>>
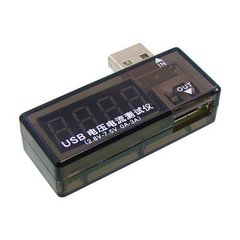 USB Charger Doctor AIDA A-3333 для измерения напряжения и тока при зарядке мобильного устройства 25493 фото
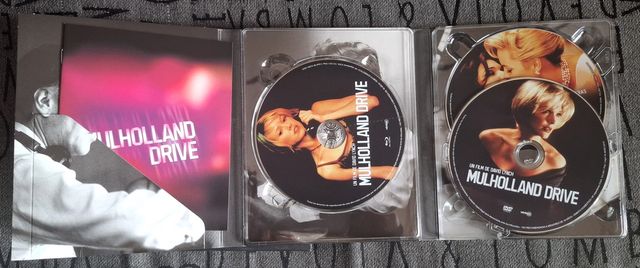 MULHOLLAND DRIVE. Edición coleccionista. BR+2 DVD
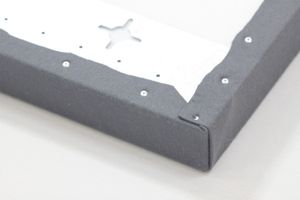 Print with concealed frame - Styling by Gotessons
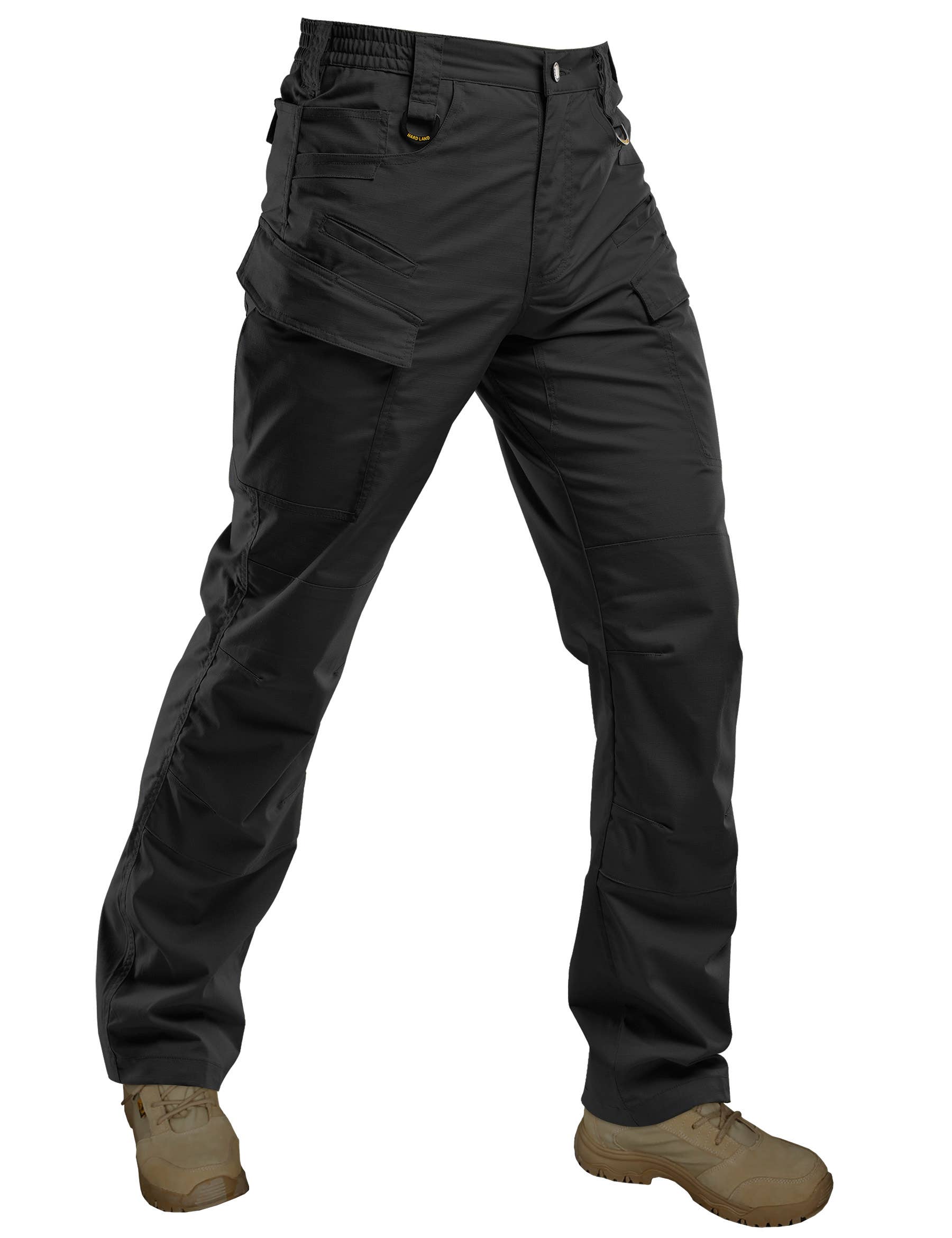 Qing Dao Lai Si Ma Te Fang Zhi You Xian Gong Si - Wholesale Pants - Men's - Men's Work Cargo Pants Ripstop 14 Pockets Water Resistant0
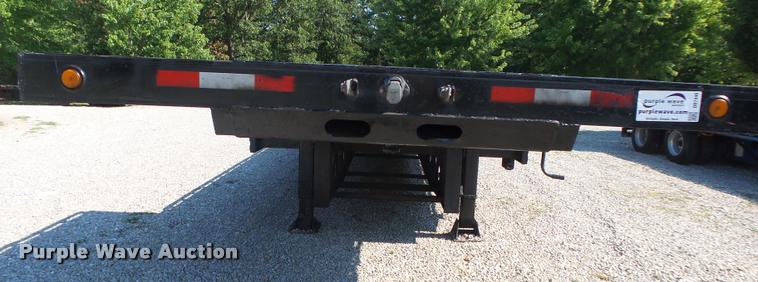 image for item DB7446 2001 Doonan drop deck trailer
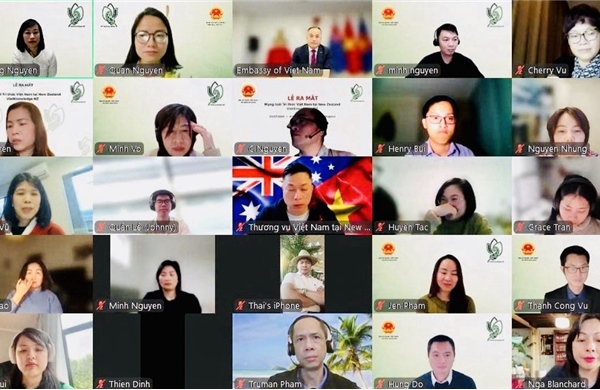 Ra mắt Mạng lưới Tri thức Việt Nam đầu tiên tại New Zealand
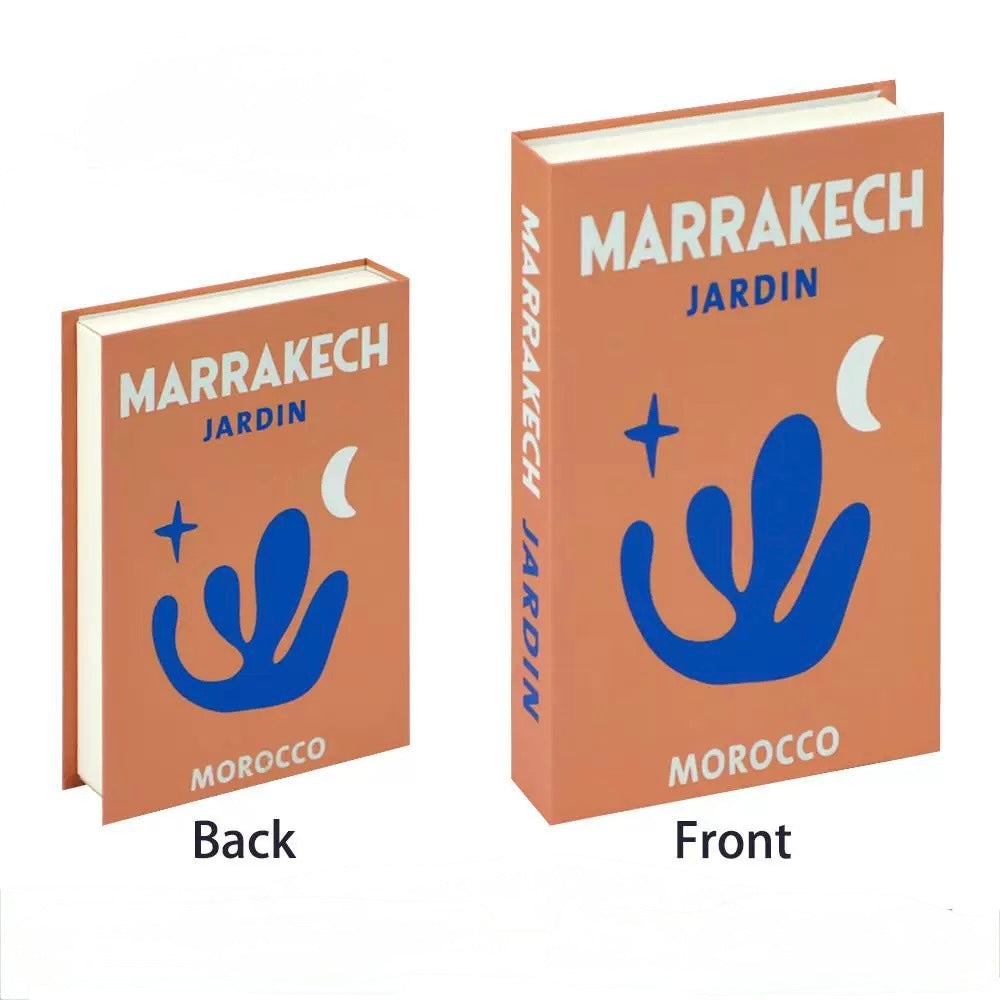 Travel Decorative Book 8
<<
Exercise: Every record should come back exactly as it is, though none of the pictures should.

Solution to the problem:
 USB Charger Doctor AIDA A-3333 для измерения напряжения и тока при зарядке мобильного устройства 25493 фото
 MULHOLLAND DRIVE. Edición coleccionista. BR+2 DVD
 Print with concealed frame - Styling by Gotessons
 Qing Dao Lai Si Ma Te Fang Zhi You Xian Gong Si - Wholesale Pants - Men's - Men's Work Cargo Pants Ripstop 14 Pockets Water Resistant0
 image for item DB7446 2001 Doonan drop deck trailer
 Ra mắt Mạng lưới Tri thức Việt Nam đầu tiên tại New Zealand
 Travel Decorative Book 8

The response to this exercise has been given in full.